This is a problem from today's exam, and actually, I already have a solution. However, I can't understand the solution, so I tried to do it my self in the following direction:

Assume that $p(x)$ is a monic polynomial. We can just set $p(x) = (x-a)^{3}q(x) + B$ for some $B\neq 0$. If $p$ has only real roots, we have $p(x) = (x-\alpha_{1})\cdots (x-\alpha_{n})$ for some $\alpha_{1}\leq \cdots \leq \alpha_{n}$. Then we have $(x-a)^{3}q(x)+B = (x-\alpha_{1})\cdots(x-\alpha_{n})$, and I can' proceed from here.

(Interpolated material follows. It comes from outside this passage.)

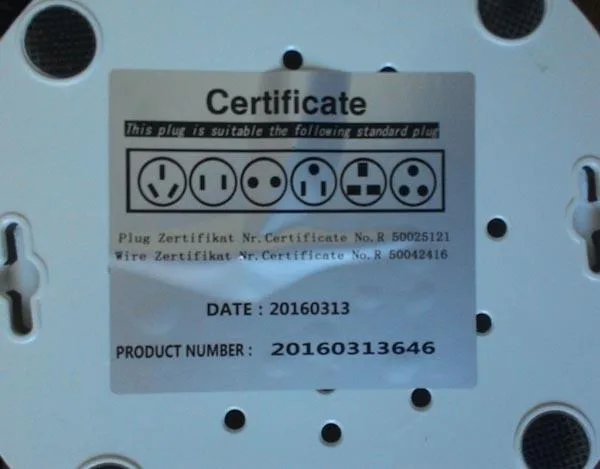 Cavo multi-plug/estensione «4D POWER SOCKET» — foto 4 dell'alert A12/0911/16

Here's the original solution:

Solution: Observe that if $q(z)$ is a real-rooted polynomial with distinct roots, then by Rolle’s theorem $q'(z)$ is also real-rooted (since it has degree one less than the degree of $q$) and has the property that between every two roots of $q'$ there is a root of $q$. Since polynomials with distinct roots are dense in the set of real-rooted polynomials, this implies that if $q$ is any real-rooted polynomial and $q'(z)$ has a double root at $z$ then $q(z) = 0$.

For the given polynomial $p'(z)$ has a double root at $a$, but $p(a) \neq 0$, so $p$ cannot be real-rooted.

(Original image here.)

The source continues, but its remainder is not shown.